The demon bootlegger?
"A law that will make everyone feel good and accomplish nothing"
At around 6. a.m. on a Saturday morning she wakes up, head throbbing, hands trembling.
On the floor she sees a 40-ounce bottle of Smirnoff vodka. It’s empty. So she calls a cab.
She tells the driver to take her to a bank machine, where she asks him to wait. She returns with $300 or $400 and gives the driver another house number.
There, she once again makes the driver wait. When she climbs back in, she’s clutching a plastic 60-ouncer.
By 7 a.m. she’s home with her partner, drinking straight vodka for breakfast. Like many in Nunavut, they drink it by the “cup.” Based on the size of the average coffee cup, that means each serving holds six to eight ounces or more of 80-proof hard liquor.
As the day wears on, they might smoke a few joints or they might take their bottle to share with friends. If they get hungry they might order from the Snack or grab junk food from the Quickstop.
But this is certain: they’ll drink that bottle dry. They’ll pass out, wake up the next morning and repeat the pattern until they run out of money.
There are variations between communities, but that’s how binge drinking works in Nunavut. You drink until you drink that bottle dry. If the ensuing loss of inhibition leads to rapes, beatings, stabbings or child molestation, well, that’s always somebody else’s fault.
So who’s the culprit?
Many Nunavut residents pin the blame on everyone’s favourite scapegoat: the much-vilified “bootlegger.” Together with drug dealers, bootleggers are the purported root of all evil.
For numerous Nunavut residents, including most public office holders, this is conventional wisdom. Get rid of the demon bootlegger and his demon cousin, the dope dealer, and Nunavut’s social ills will disappear.
But does this conform to reality? After all, it takes two parties to complete a transaction: a seller and a buyer. If the buyer did not exist, neither would the seller.
The sellers of drugs and unlicenced liquor thrive in Nunavut because large numbers of buyers are willing to buy their goods. Even in communities where cheaper legal alternatives are available, such as ordering from outside with a permit or simply going to a bar, people are willing to pay staggering prices for illegal booze.
Whether the trade is legal or underground, you cannot suppress commerce, especially when powerful needs overwhelm rational thinking.
And who are these bootleggers and drug dealers? Many in Nunavut would have you believe they’re fanged monsters whose bulging eyes glow in dark while they’re counting their money with blood-stained fingers.
In reality, these “bootleggers” and “drug dealers” are mostly ordinary people, just like you, except they’re probably a little more enterprising and creative than the norm.
The local bootlegger is likely your friend and neighbor. He or she might even be a mayor or a hamlet councillor. Your local drug dealer might be a respected small business person or government worker.
They’re not agents of the devil. They’re informal entrepreneurs who engage in a type of black market commerce that’s aimed at meeting a powerful pre-existing need. Many are working people attempting to supplement their incomes to cope with the high cost of living. This underground activity is neither moral nor immoral. It just is.

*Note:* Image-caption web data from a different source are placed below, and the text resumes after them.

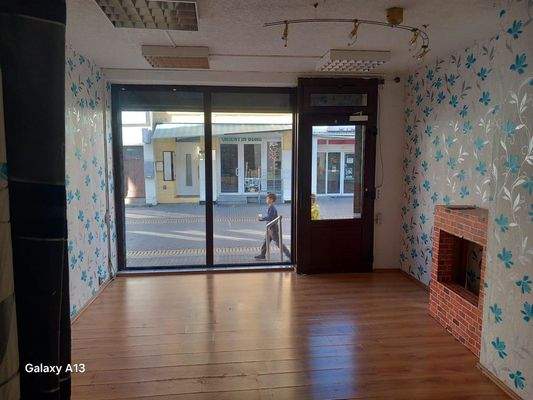 WhatsApp Bild 2025-06-02 um 17.06.36_0f9ff0ec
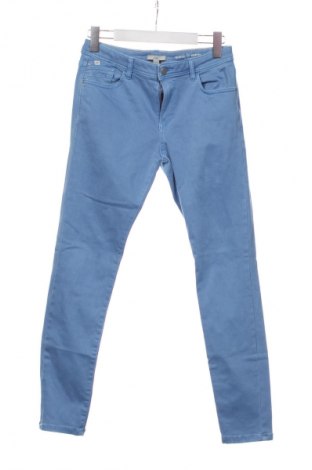 Női farmernadrág Edc By Esprit, Méret M, Szín Kék, Ár 7 489 Ft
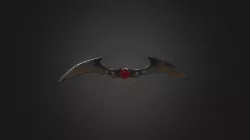 Batarang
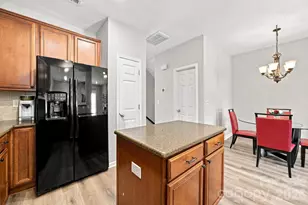 2031 Cambridge Beltway Dr, Charlotte, NC 28273 - Photo 14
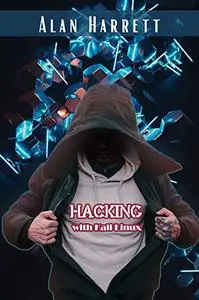 Hacking with Kali Linux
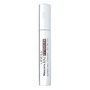 Talika LIPOCILS XXL EXTENSION Mascara Brun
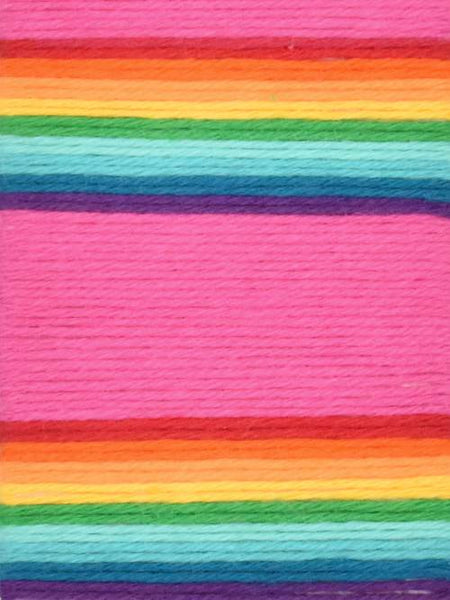 Queensland Prism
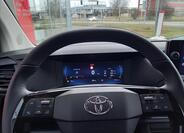 Toyota ProAce 14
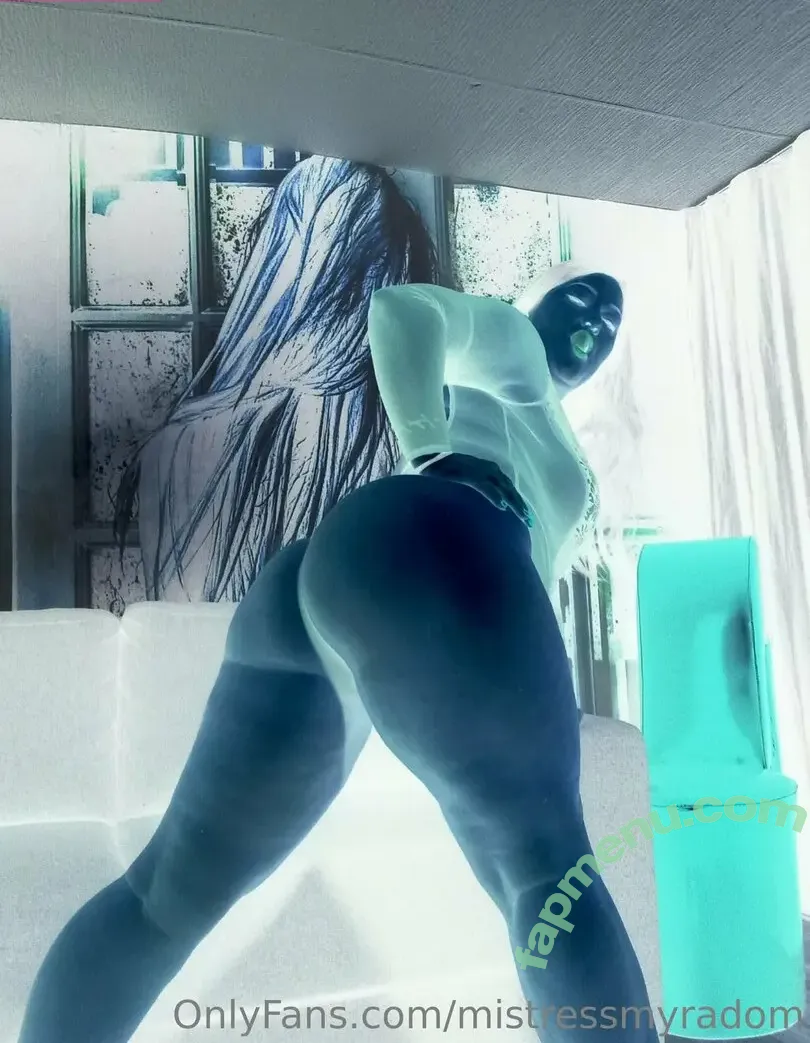 mistressmyradom nude photo #0028 (mistress.mira.dom)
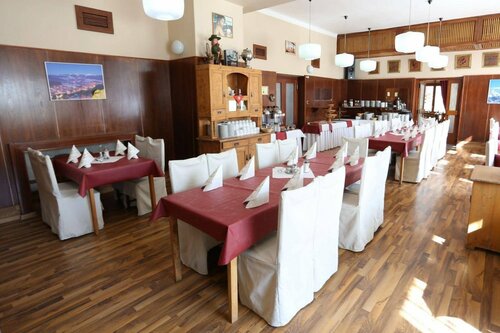 Hotel Krakonos, Book Hotel SPA-hoteller i Liberec Region, SPA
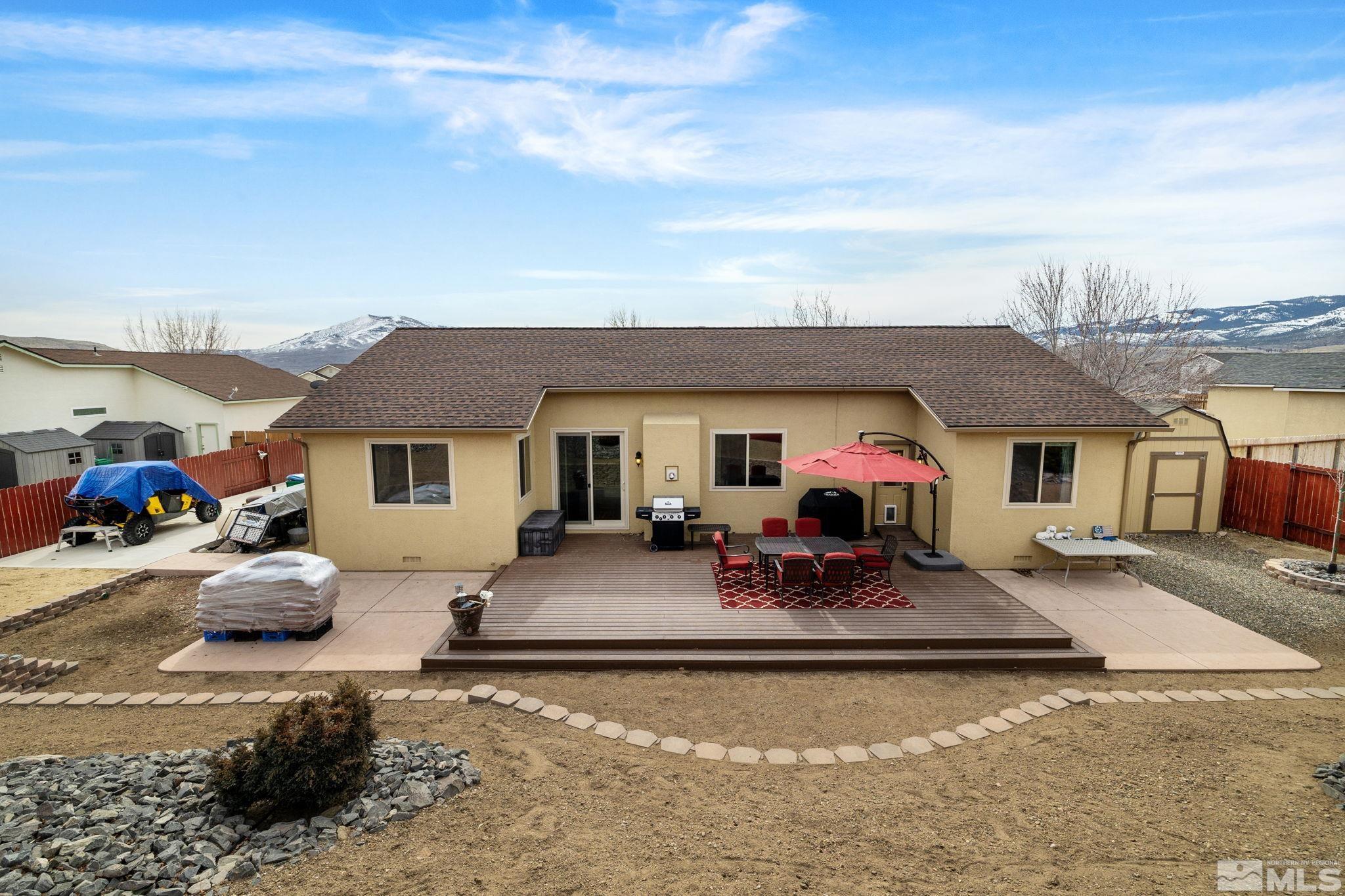 21119 Mt Evans Ct Property Photo 25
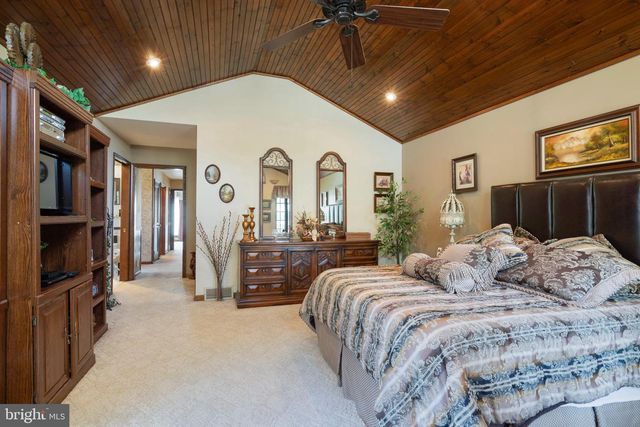 604 QUAIL DR, Millville, NJ 08332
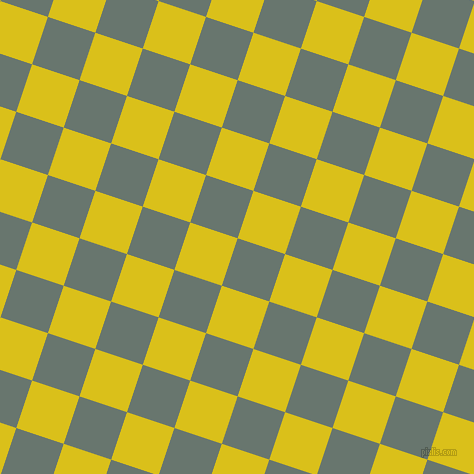 72/162 degree angle diagonal checkered chequered squares checker pattern checkers background, 50 pixel square size, , checkers chequered checkered squares seamless tileable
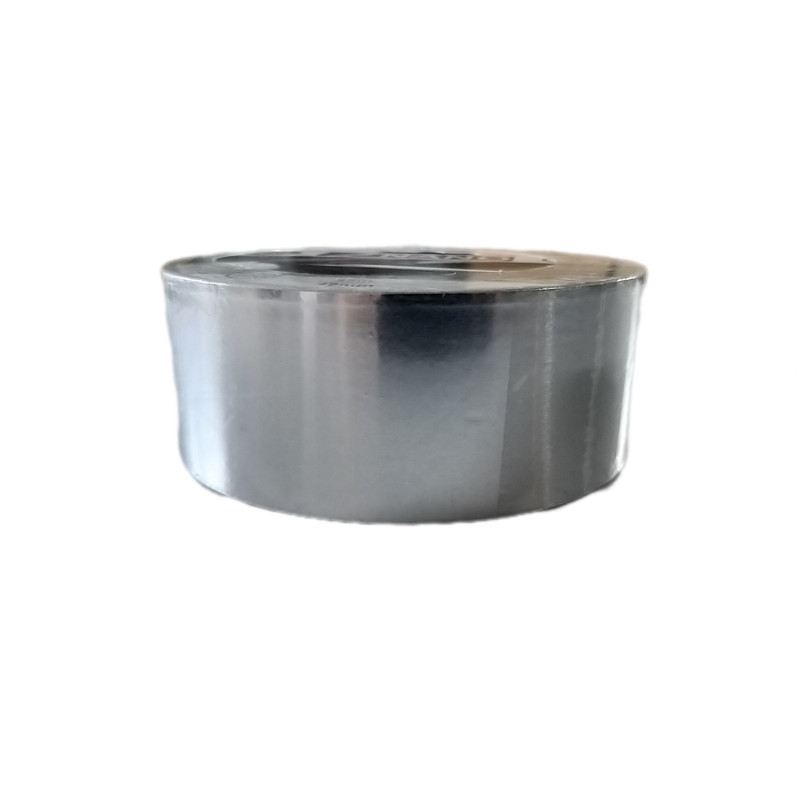 چسب مدل 01 عرض 5 سانتی متر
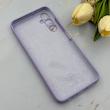 قاب گوشی Galaxy A05S سامسونگ سیلیکونی اورجینال پاک کنی درجه یک زیربسته یاسی کد 151574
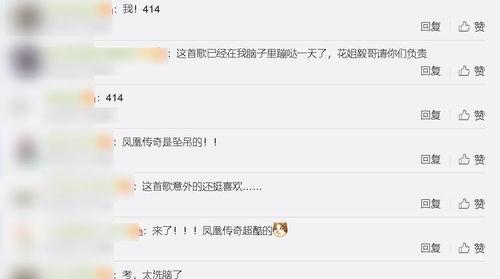 clit在线视频,探索语言学习的无限可能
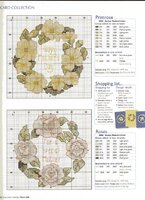 Cross Stitch Collection Issue 115 50.jpg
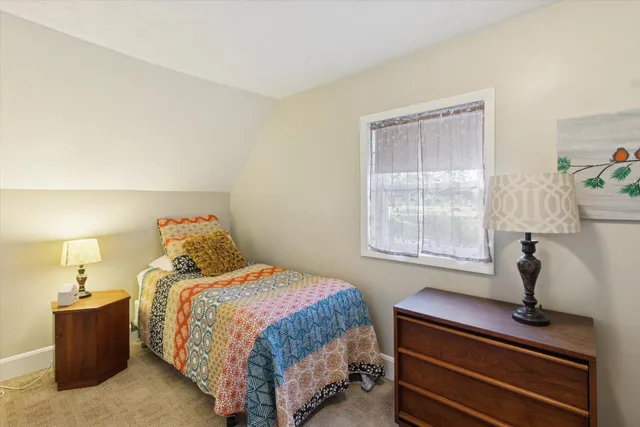 $199,900 | 223 West Todd Avenue, Reed City, MI 49677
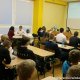 Konferencia_rocnikovych_prac_2018-12-21_00038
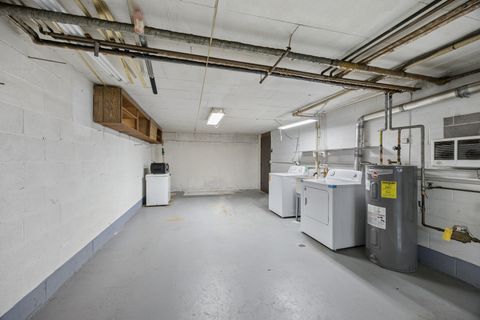 Tiny photo for 11105 O Gorman Drive #2, Palos Hills, IL 60465 (MLS # 12655677)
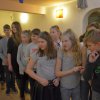 „Karnawałowe przygody Pana Mikołaja”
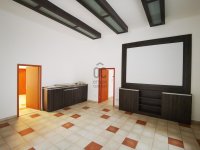 Kiadó iroda, V. kerületben 1525 E Ft / hó / költözzbe.hu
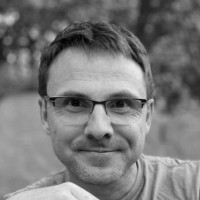 Loic Francke Email & Phone Number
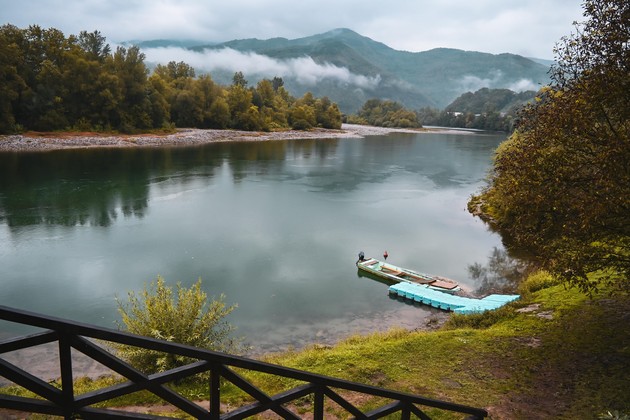 mistichna-filmska-kulisa-i-umetnichka-inspiracija-patuvanje-niz-zapadna-srbija-preku-7-atrakcii-16.JPG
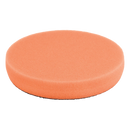 Flex 434310 Ps-O 140 Polishing Sponge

This hasn’t stopped the Government of Nunavut from engaging in a great moral crusade, in the form of Bill 19, which contains a new law called the Unlawful Property Forfeiture Act.
The law would authorize the use of a civil procedure under which the GN would seize property that has been obtained through the profits of “unlawful activity” or has been used to engage in such activity.
The GN, through a new officer called the Director of Forfeiture, would not have to prove that a property owner has committed a crime. The law is directed at property, not persons. But it nevertheless creates a powerful tool for violating civil liberties and property rights that have heretofore been protected.
Bill 19 received second reading in the Nunavut legislature June 8. Before it gets third reading, it will move to a legislative committee.
It’s virtually certain that MLAs will pass Bill 19. It’s politically popular and, even better, it doesn’t require them to do any actual thinking about the social and public health issues that produce addictions. Best of all, it will allow MLAs to wallow afterward in their own self-righteousness, spouting the usual hogwash about “societal values.”
It’s still a bad law. It will not deter the illegal sale of alcohol or non-prescription black market drugs, though it may drive the trade more deeply underground and cause the price of such goods to rise even higher.
And with Parliament expected to legalize cannabis next year, the new law might potentially enable the seizure of property from people who sell a legal substance. If the brainiacs at the Department of Justice want to make themselves useful, they might be better off turning their minds to the question of how legal cannabis can be bought and sold in Nunavut after 2017.
Addiction is a complex social and public health issue that requires broad action by public health officials and others.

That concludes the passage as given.